• **DATA UNDER STUDY**
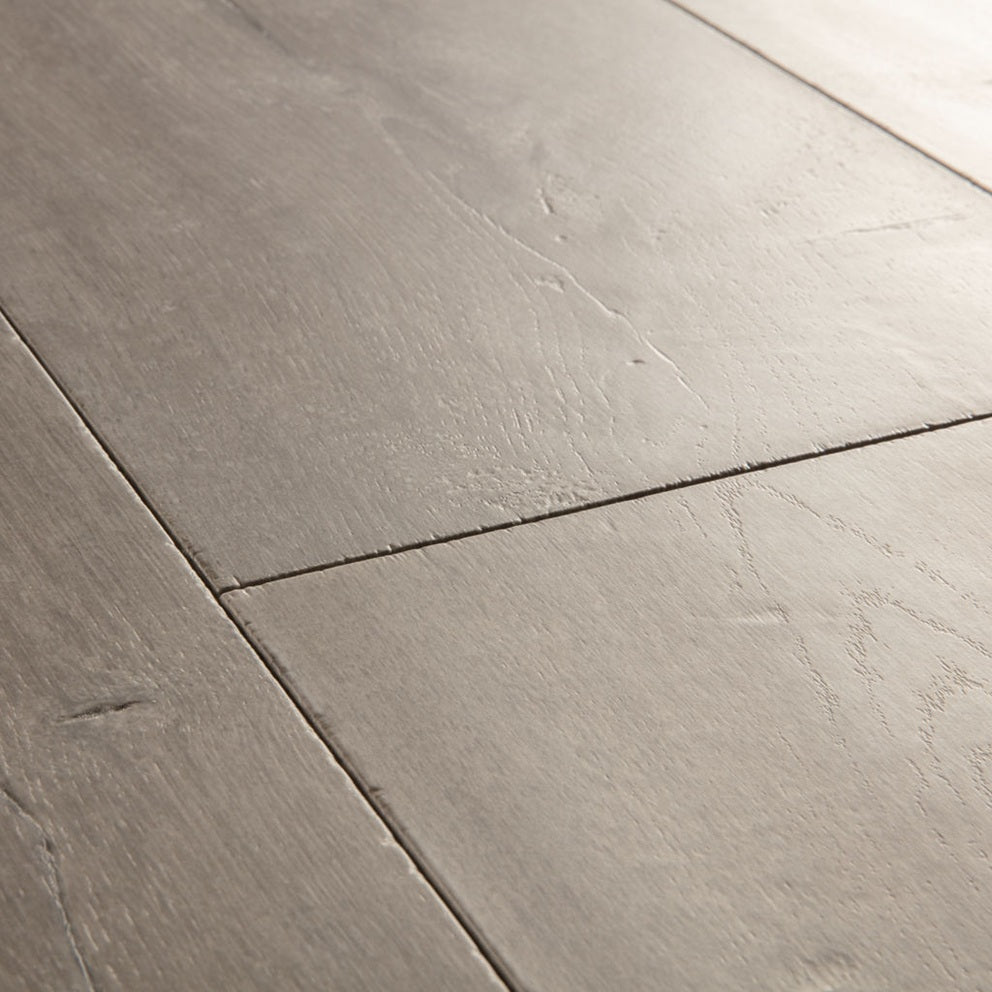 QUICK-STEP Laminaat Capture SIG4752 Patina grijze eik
* * *
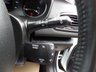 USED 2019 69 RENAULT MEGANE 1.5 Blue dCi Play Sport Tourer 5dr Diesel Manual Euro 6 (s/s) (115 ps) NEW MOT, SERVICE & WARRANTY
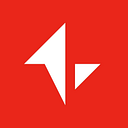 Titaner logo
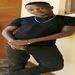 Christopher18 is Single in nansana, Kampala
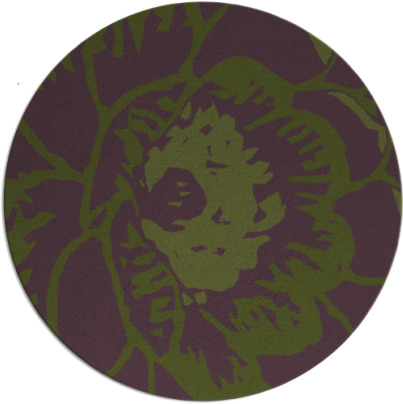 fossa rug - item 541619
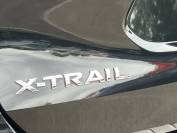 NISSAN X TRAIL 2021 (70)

• **INSTRUCTIONS FOR THE TASK**
Write out word for word the lines above that run from the one with "USED 2019 69" to the one with "NISSAN X TRAIL 2021 (70)". Include both end lines; exclude the images.

• **SOLUTION TO THIS EXERCISE**
 USED 2019 69 RENAULT MEGANE 1.5 Blue dCi Play Sport Tourer 5dr Diesel Manual Euro 6 (s/s) (115 ps) NEW MOT, SERVICE & WARRANTY
 Titaner logo
 Christopher18 is Single in nansana, Kampala
 fossa rug - item 541619
 NISSAN X TRAIL 2021 (70)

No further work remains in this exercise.